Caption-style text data
■ ■ ■

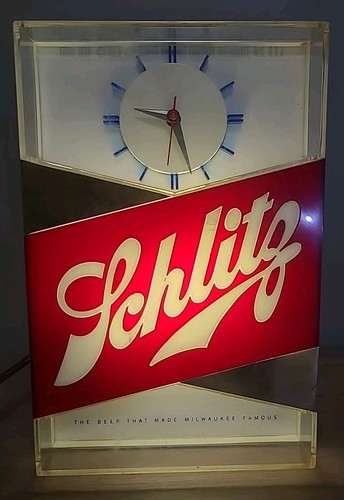 1959 Schlitz Beer Clock Sign Light Countertop Vintage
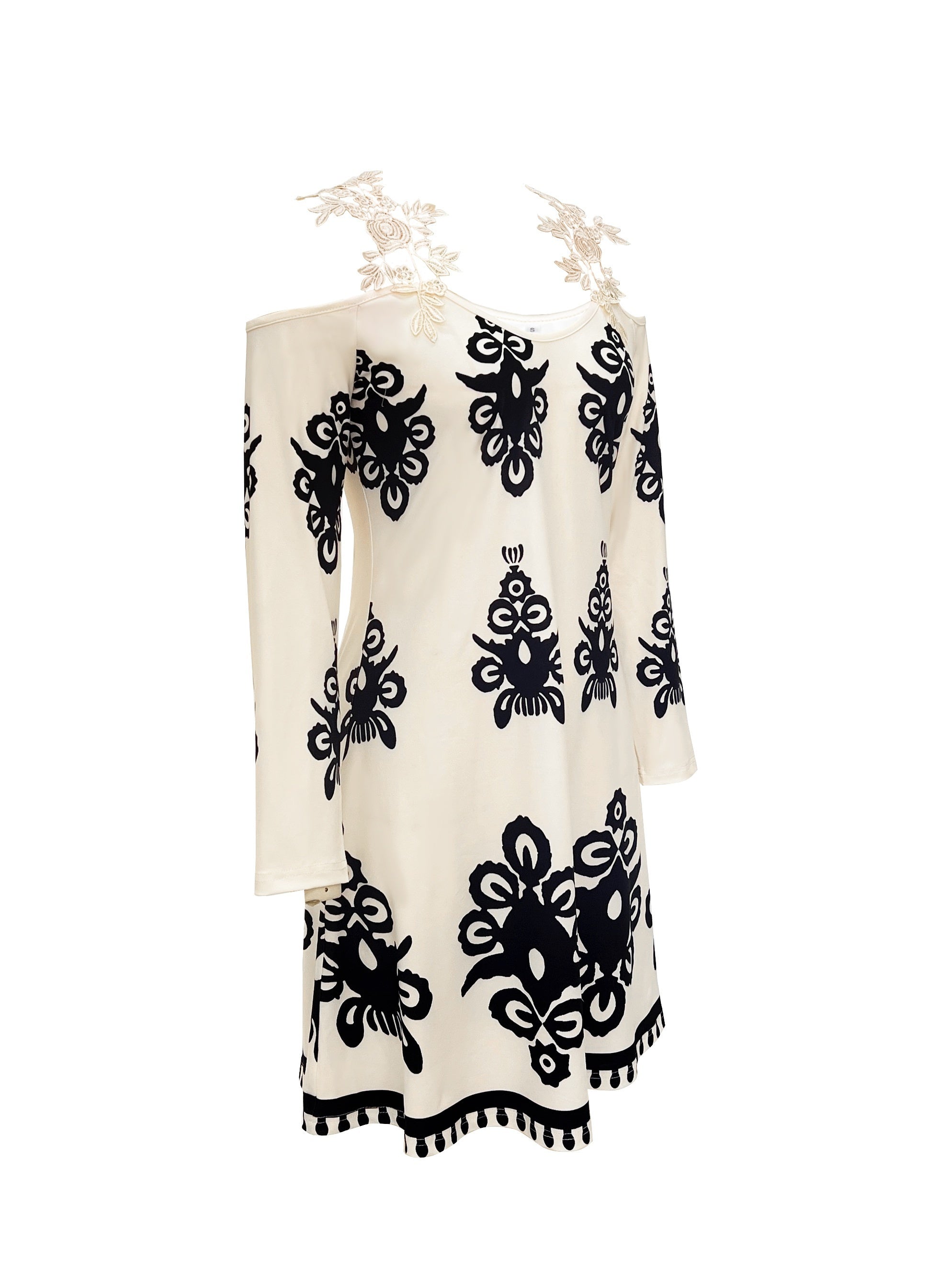 Elegant Off-Shoulder Printed A-Line Dress - Dacron and Spandex Blend, Polyester 95%, Elastane 5%, Knit Fabric - For All Seasons - For Women - Perfect for Parties, Weddings & Casual Occasions - Great Gift for Her
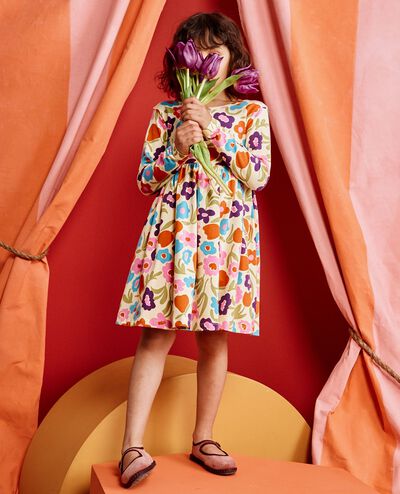 Long Sleeve Skater Dress with Pockets in Fall Floral - main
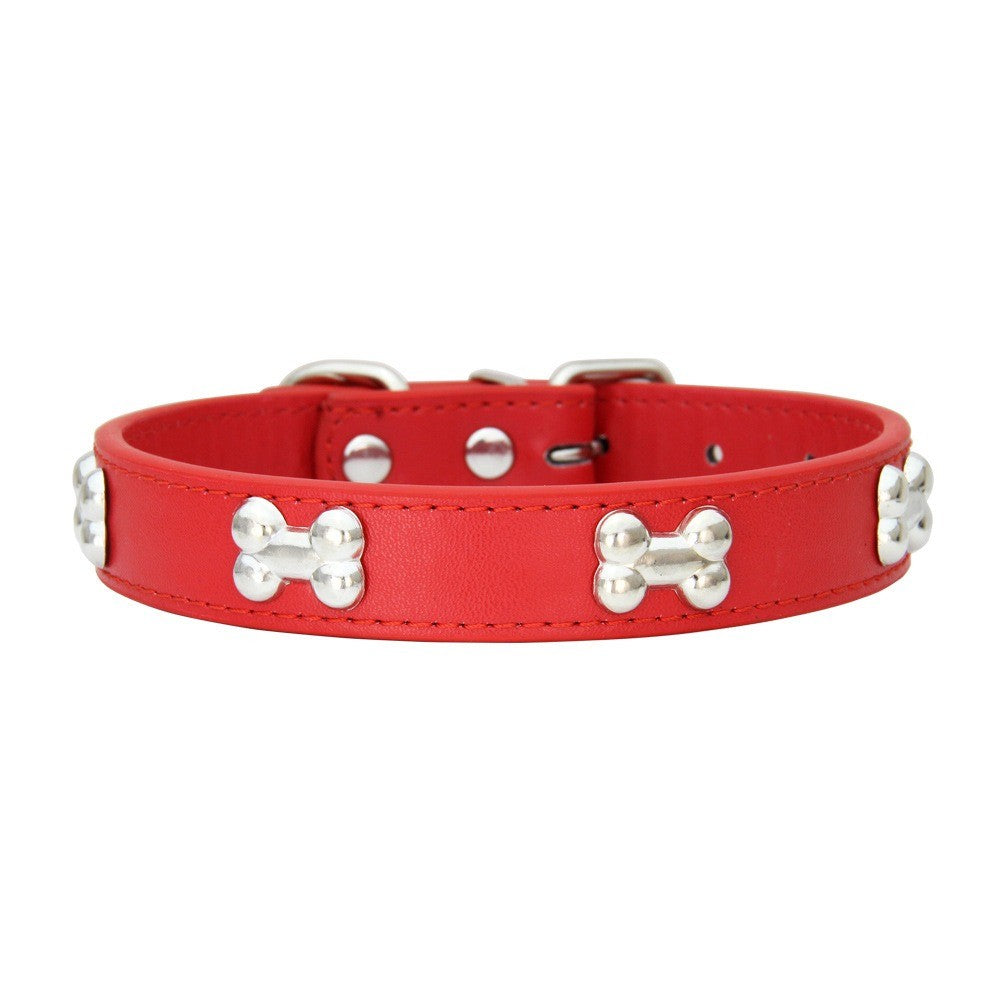 Novas coleiras de couro duráveis para cães, coleiras para filhotes de pug para cães pequenos e grandes, coleira de pescoço GXQ13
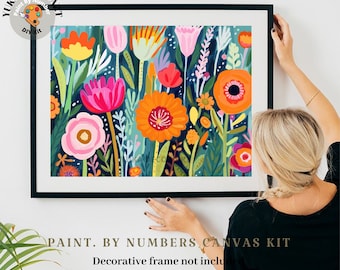 DOMROM Peinture par numéros encadrée pour fille pour adultes débutants, peinture par numéro pour DOMROM Peinture par numéros encadrée pour fille pour adultes débutants, peinture par numéro pour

■ ■ ■

— Work instruction —
No pictures belong in the output. It should reproduce exactly the lines from the one containing "Novas coleiras de" through the end of the data, both ends included.

— Expected answer —
 Novas coleiras de couro duráveis para cães, coleiras para filhotes de pug para cães pequenos e grandes, coleira de pescoço GXQ13
 DOMROM Peinture par numéros encadrée pour fille pour adultes débutants, peinture par numéro pour DOMROM Peinture par numéros encadrée pour fille pour adultes débutants, peinture par numéro pour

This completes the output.